Over the past centuries, female anatomy has never truly belonged to women. Our bodies have always been objectified, sexualized, and claimed by others. So the reappropriation of the female body is in a way analogous to female empowerment. 

Still, do we need to be naked to feel free?

When model Emily Ratajkowski joined the music video for “Blurred Lines,” she was told her part would be “empowering.” The three artists—Robin Thicke, rapper TI, and Pharrell Williams—were surrounded by beautiful models who were instructed to ignore the men or even mock them, shifting the power dynamic.
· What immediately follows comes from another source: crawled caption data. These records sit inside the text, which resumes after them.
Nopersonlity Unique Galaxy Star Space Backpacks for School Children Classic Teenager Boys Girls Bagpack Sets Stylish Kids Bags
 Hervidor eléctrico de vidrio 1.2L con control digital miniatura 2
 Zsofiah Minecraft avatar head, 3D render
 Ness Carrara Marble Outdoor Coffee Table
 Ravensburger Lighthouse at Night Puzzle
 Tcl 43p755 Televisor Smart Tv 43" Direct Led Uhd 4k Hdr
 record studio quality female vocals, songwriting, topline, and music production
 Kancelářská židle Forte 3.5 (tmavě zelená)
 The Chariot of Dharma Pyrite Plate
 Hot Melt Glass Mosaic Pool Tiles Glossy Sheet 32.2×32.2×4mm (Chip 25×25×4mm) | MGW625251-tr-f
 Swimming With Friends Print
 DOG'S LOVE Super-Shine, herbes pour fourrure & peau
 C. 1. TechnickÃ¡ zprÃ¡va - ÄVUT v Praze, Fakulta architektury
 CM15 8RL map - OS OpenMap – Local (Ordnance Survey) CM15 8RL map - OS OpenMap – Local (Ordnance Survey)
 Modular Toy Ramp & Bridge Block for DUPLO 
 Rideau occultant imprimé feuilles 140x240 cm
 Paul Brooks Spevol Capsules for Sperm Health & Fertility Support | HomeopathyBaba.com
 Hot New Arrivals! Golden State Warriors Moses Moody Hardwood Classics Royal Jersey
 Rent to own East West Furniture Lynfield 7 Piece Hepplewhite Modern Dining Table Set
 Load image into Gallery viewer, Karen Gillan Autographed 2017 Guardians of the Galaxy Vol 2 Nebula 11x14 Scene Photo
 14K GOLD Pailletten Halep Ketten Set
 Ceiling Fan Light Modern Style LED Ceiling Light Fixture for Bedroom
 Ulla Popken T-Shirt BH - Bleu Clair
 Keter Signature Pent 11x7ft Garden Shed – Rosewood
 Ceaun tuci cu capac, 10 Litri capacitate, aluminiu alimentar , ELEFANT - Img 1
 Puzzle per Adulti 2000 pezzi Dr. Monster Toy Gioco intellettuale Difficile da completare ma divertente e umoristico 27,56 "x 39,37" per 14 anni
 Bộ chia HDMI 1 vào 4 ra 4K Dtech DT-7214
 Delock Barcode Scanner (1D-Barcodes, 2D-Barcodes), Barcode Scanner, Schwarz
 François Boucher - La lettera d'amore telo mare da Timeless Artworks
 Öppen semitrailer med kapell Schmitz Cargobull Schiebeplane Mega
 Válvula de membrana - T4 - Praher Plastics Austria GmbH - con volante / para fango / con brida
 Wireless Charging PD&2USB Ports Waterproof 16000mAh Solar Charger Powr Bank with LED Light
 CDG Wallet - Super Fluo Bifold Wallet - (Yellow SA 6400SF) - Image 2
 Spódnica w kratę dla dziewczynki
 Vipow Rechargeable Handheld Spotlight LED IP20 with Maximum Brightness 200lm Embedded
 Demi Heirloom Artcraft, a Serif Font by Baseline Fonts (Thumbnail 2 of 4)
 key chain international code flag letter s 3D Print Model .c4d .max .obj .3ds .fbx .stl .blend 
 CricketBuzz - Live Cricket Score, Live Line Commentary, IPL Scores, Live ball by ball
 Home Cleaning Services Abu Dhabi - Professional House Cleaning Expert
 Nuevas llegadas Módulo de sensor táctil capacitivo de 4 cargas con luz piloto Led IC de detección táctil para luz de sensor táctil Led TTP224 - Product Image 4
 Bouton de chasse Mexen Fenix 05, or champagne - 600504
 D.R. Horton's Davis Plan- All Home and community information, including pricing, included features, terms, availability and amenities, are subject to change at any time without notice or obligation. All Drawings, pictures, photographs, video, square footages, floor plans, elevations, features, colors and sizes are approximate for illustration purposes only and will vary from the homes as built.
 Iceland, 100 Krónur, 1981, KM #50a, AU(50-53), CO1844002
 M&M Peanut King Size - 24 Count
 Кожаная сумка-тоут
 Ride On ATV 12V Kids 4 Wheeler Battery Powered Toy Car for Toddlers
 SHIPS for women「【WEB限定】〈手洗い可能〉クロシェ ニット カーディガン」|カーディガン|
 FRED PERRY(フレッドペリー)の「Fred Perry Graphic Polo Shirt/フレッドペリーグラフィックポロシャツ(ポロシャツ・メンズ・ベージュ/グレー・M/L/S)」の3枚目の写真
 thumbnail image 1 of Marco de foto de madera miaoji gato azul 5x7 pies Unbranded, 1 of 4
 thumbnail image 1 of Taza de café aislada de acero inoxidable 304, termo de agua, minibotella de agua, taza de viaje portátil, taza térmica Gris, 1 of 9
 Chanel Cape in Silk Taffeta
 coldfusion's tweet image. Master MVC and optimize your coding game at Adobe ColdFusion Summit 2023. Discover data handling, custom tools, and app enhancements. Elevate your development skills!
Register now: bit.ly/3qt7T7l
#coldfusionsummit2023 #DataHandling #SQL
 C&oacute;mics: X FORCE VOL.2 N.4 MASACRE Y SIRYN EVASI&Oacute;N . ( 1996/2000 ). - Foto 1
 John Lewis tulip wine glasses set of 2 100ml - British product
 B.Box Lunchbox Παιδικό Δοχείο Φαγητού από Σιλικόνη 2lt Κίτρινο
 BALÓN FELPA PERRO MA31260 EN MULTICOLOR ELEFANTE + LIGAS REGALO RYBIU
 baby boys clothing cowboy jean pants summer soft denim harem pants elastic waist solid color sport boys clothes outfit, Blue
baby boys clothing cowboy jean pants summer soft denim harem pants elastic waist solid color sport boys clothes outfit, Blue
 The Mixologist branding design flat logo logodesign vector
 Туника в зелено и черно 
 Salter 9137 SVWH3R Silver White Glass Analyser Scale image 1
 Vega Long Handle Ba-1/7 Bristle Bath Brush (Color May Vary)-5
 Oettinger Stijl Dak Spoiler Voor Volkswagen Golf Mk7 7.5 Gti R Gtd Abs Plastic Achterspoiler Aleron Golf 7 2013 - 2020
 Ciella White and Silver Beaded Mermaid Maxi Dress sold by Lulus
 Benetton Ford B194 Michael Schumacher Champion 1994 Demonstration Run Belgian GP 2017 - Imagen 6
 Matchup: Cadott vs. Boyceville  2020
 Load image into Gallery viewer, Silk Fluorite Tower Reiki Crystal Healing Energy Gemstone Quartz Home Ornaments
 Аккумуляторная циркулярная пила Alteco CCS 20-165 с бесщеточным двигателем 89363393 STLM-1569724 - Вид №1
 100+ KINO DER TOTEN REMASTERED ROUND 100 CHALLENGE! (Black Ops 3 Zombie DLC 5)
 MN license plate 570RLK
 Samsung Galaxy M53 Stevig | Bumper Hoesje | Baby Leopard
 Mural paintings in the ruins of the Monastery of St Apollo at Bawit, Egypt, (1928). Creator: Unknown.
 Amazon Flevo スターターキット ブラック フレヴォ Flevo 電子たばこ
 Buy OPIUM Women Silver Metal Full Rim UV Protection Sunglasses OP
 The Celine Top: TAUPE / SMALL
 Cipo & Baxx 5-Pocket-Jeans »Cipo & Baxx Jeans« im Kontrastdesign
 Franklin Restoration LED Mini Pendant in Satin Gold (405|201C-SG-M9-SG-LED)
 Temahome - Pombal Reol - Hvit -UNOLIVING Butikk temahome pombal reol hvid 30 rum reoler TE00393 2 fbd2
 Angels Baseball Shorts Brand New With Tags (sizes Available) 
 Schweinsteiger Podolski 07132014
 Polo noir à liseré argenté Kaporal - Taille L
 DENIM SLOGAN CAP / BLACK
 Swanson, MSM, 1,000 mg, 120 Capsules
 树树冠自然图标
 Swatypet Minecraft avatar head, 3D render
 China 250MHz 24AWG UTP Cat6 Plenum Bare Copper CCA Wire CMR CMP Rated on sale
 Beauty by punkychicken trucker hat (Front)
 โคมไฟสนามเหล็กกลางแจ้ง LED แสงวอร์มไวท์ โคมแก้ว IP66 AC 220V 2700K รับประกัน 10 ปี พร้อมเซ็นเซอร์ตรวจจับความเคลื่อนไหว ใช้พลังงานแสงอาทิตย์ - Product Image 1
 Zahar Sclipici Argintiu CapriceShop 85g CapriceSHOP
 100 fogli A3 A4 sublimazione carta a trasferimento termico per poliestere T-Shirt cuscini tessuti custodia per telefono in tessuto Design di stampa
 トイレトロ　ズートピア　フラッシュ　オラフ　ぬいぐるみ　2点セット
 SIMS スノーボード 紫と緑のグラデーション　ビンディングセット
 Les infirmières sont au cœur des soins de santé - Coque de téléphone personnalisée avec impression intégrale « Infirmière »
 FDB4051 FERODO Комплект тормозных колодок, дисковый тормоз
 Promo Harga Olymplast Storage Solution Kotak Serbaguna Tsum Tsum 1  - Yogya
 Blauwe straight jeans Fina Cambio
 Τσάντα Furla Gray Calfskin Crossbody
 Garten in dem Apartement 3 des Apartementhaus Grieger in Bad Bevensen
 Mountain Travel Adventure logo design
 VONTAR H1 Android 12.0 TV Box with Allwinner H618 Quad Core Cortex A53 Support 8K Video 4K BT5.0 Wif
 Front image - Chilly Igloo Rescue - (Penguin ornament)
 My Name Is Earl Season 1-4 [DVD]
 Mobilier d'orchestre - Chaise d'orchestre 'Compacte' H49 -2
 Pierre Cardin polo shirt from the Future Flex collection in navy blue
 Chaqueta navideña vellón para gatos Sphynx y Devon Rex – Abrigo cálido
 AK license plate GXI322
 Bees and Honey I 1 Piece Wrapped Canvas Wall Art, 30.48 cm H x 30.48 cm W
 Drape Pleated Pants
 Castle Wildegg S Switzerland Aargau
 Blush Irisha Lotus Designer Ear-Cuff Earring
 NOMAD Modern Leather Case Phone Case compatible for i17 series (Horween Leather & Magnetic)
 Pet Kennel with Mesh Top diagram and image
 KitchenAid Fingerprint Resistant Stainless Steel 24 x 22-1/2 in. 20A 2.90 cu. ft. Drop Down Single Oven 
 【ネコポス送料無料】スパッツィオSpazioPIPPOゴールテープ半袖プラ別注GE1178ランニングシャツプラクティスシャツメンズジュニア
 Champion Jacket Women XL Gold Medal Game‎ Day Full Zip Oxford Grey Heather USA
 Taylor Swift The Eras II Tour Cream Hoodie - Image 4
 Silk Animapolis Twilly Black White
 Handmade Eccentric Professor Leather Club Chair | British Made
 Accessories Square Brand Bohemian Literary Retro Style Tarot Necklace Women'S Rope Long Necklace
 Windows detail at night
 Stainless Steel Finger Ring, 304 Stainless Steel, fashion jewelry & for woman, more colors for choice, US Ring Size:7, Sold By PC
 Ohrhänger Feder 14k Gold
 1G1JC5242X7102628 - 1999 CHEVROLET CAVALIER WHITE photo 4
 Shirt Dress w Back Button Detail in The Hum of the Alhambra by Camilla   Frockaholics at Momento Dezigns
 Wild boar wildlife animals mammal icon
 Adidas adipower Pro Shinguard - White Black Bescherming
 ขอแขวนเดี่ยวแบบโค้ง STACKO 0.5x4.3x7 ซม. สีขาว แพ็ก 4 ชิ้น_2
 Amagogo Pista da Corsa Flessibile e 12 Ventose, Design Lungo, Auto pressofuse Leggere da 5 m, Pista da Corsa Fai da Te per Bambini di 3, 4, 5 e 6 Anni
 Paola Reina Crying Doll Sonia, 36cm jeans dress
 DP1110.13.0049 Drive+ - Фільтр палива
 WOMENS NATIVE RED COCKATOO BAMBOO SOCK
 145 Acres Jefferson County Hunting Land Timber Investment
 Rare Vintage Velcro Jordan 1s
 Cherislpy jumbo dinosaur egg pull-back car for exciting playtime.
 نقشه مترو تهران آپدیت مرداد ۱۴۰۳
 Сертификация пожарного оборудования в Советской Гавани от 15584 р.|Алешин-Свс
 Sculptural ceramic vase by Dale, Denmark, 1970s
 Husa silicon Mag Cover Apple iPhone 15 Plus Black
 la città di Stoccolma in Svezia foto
Instead, Thicke placed a non-consensual hand on Ratajkowski’s breast. “With that one gesture, Robin Thicke had reminded everyone on set that we women weren’t actually in charge,” Ratajkowski told People magazine.

The incident marks the complexity of female nudity in the music industry. How much power do female musicians really have over their bodies? Can their scanty outfits and risqué dance moves be seen as empowerment? As Ratajkowski phrased it, female nudity remains “a double-edged sword.”